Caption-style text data
####

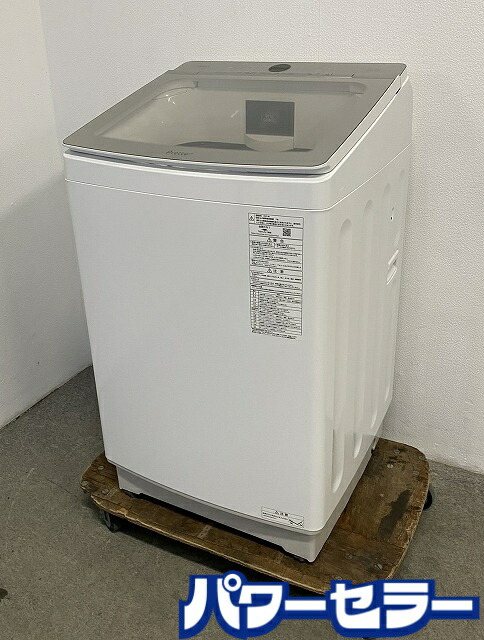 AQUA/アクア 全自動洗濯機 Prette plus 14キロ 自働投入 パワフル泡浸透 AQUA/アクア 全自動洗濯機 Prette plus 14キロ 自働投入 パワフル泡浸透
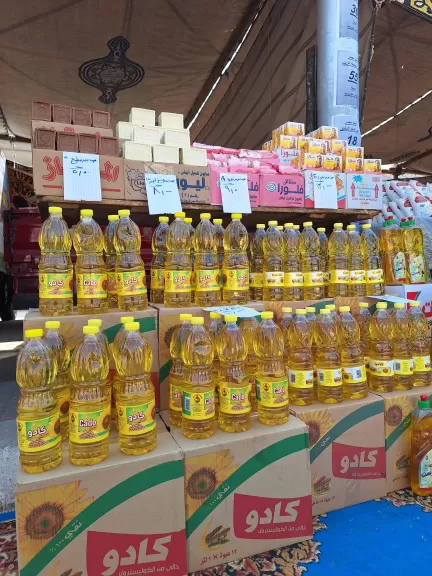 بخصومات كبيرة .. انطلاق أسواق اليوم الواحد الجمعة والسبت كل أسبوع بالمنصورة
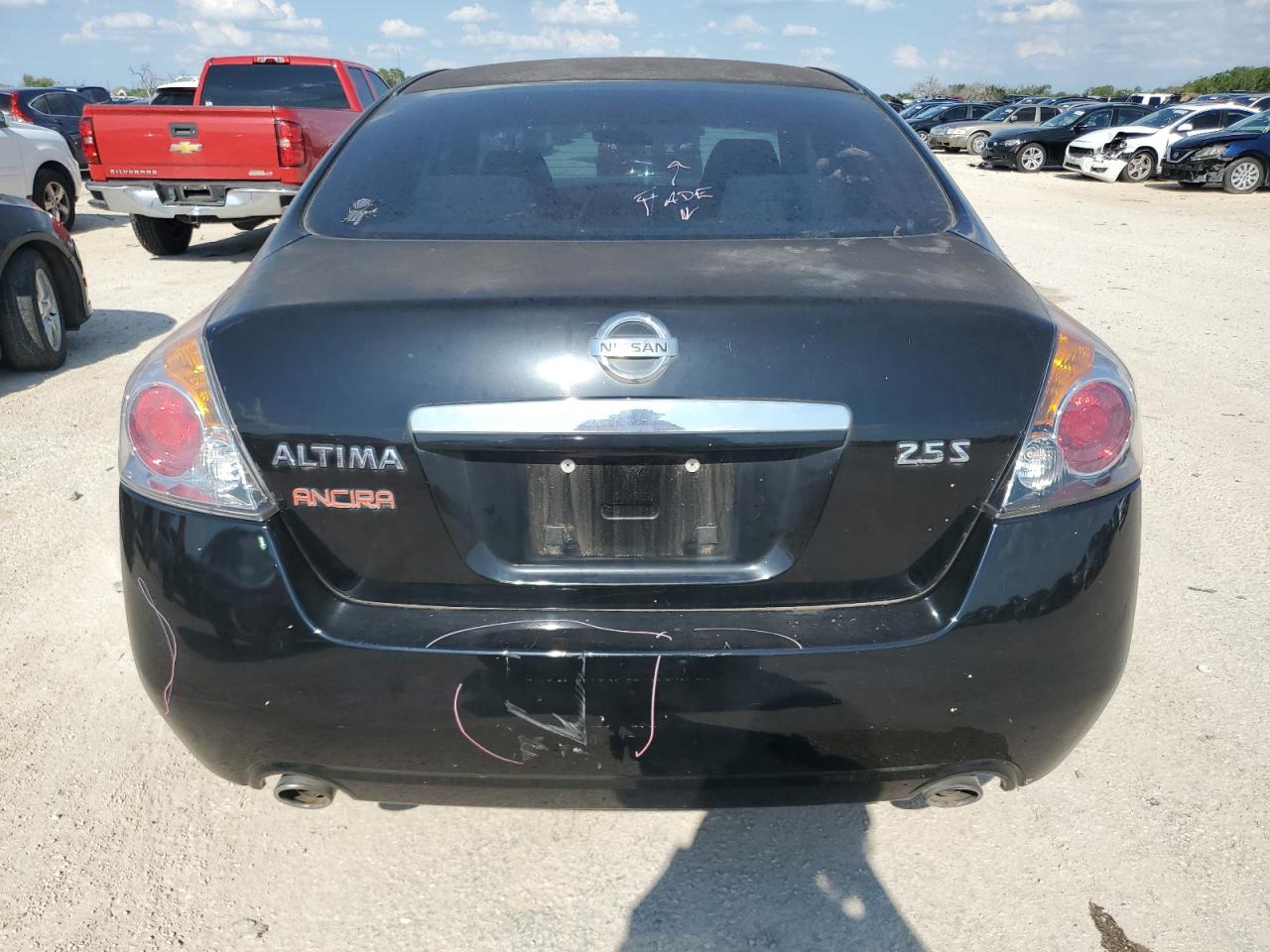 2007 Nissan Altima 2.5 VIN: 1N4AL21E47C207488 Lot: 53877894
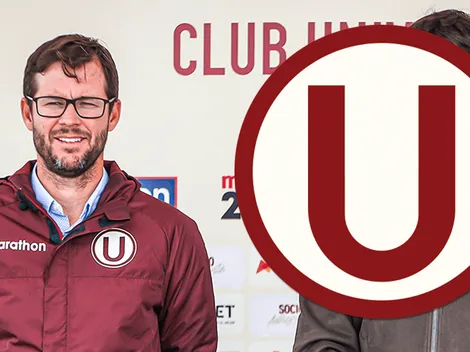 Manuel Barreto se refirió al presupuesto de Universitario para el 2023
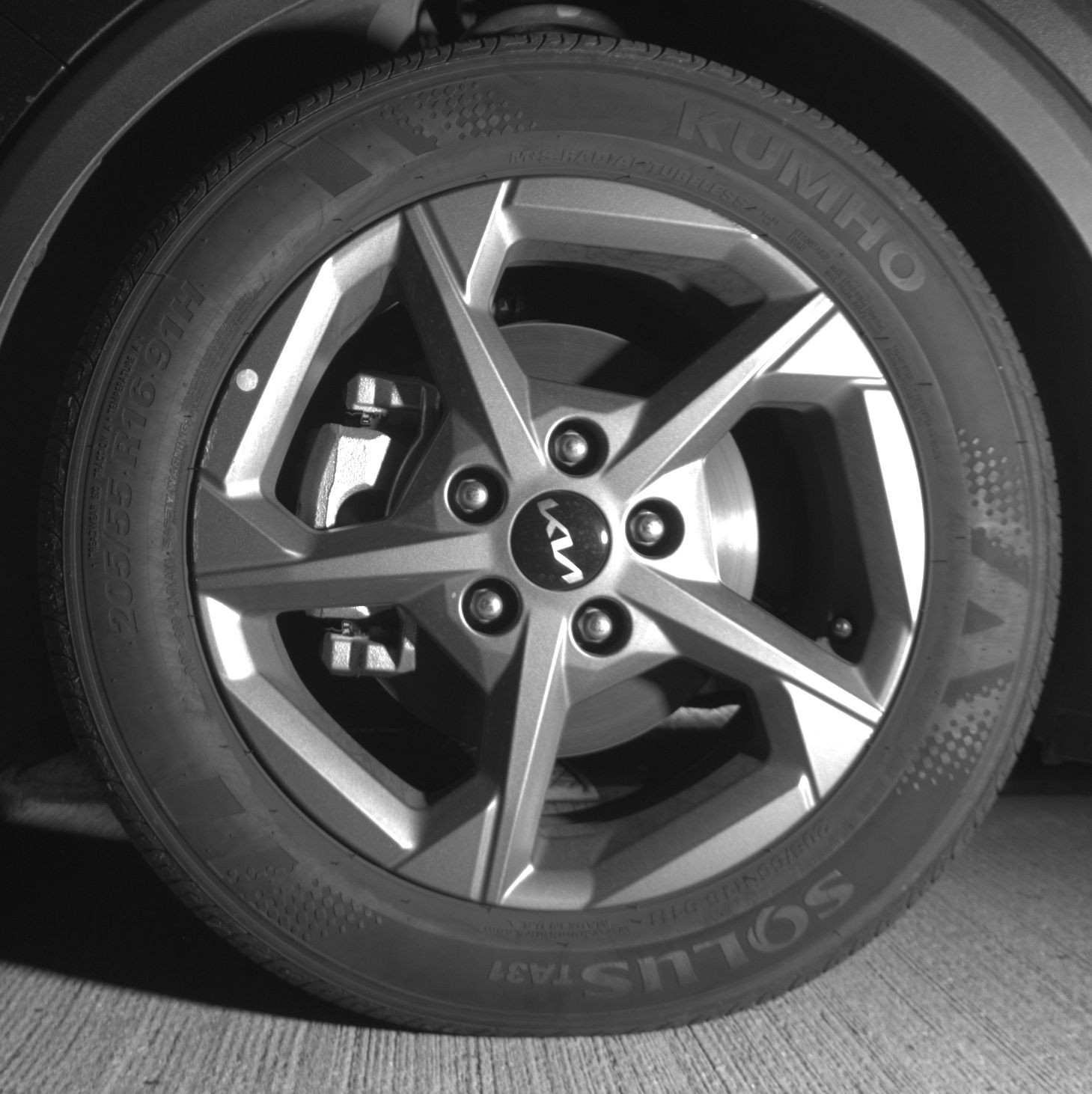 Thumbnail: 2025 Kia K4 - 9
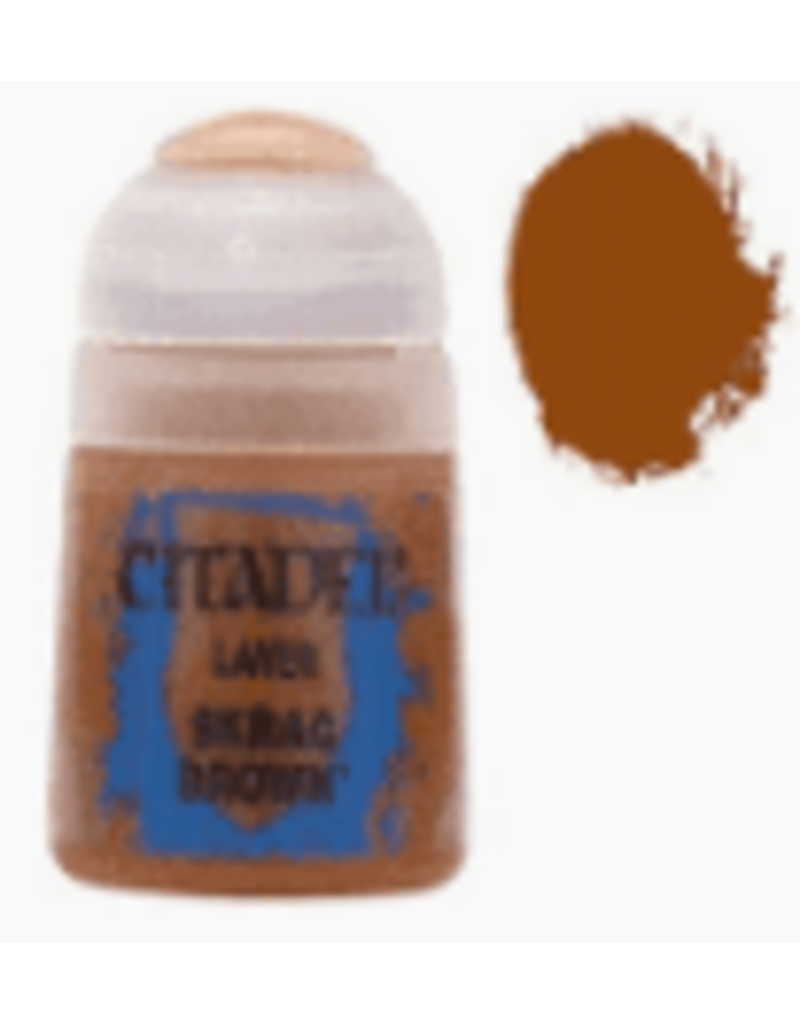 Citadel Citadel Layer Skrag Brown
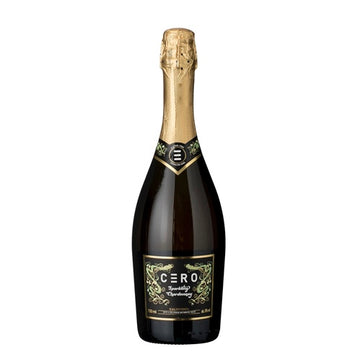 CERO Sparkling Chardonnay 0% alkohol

####

**WHAT YOU SHOULD DO**
Repeat exactly the line containing "Manuel Barreto se" and every line after it through the end of the records, and nothing else. Leave the pictures out.

**OUTPUT BELOW**
 Manuel Barreto se refirió al presupuesto de Universitario para el 2023
 Thumbnail: 2025 Kia K4 - 9
 Citadel Citadel Layer Skrag Brown
 CERO Sparkling Chardonnay 0% alkohol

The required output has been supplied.